Yes. I can not imagine any other conception of moral obligation. How would you come up with an obligation to do X or not do Y without an underlying belief structure?
I was asking about the second half of the sentence.
(But to answer your question in terms of what I am getting at, you would work backwards from what you were comfortable with and then tell yourself that it was your underlying belief structure, whether that were meaningfully true or not)
I see. I guess I took it for granted that everyone understood moral obligation to mean a commandment to act a certain way due to moral principles. Depending on how you define "comfortable with" we might be using different language to talk about the same thing. I am uncomfortable with immoral behavior? I do not think you are advancing moral relativism/nihilism?

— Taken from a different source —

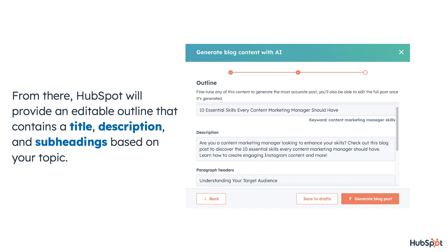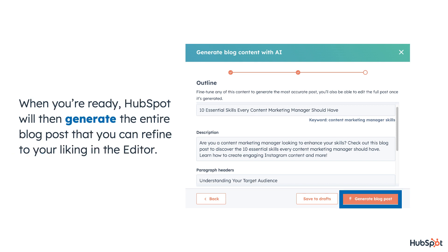From there, HubSpot will provide an editable outline that contains a title, description, and subheadings based on your topic. When you're ready, HubSpot will then generate the entire blog post that you can refine to your liking in the editor.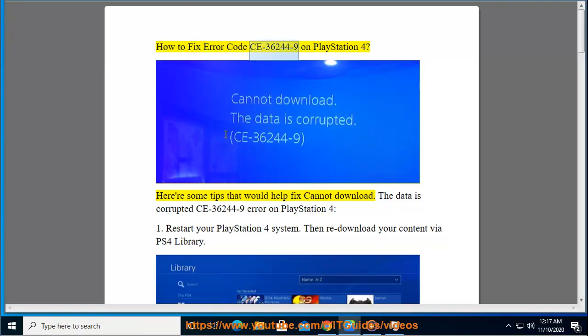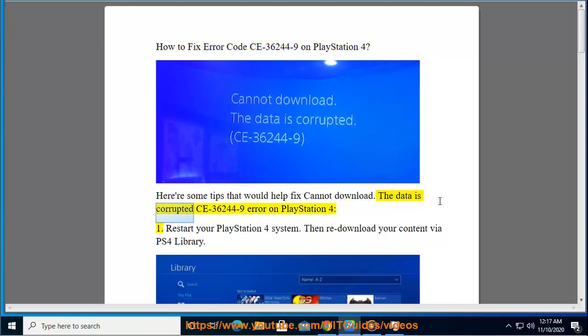How to fix error code CE-36244-9 on PlayStation 4. Here are some tips that would help fix 'cannot download, the data is corrupted' CE-36244-9 error on PlayStation 4.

I do not think most people use moral reasoning to guide (even semi-consitently) their actions. However I assumed that anyone who says "You have a moral obligation to do X" was speaking in a philosophical context and not using it as a euphemism or "Crypto is /<oo1."
Well, someone could be discussing in good faith, articulate a principle that they believe represents their morality, reason out a consequence of that principle and then observably act in a contradictory manner.
(now that I have written that, I guess part of what I am getting at is that the more often that actually happens, the more you have to discount the articulation of moral principles rather than discounting the people or the good faith. Personally, I'm pretty optimistic about people and pretty cynical about the things they say...)
'crypto', because typing 'cryptography' is too hard. This and 'cyber' grind my gears. Specially when politicians/opinion makers throw the terms around without really understanding what they mean.
I can't comment on which encryption schemes are still strong, but one advantage to using protection for general use is providing strength in numbers. Right now, using Tor or strong encryption is a bright beacon saying "this person has something to hide!" and the NSA et al hone in by default.
If, however, using Tor and strong encryption was the norm, it is easier for those who need it - whistle blowers, dissidents, etc - to hide underneath the regular noise.
edit: keep getting flagged for spam! Perhaps I have the wrong keywords?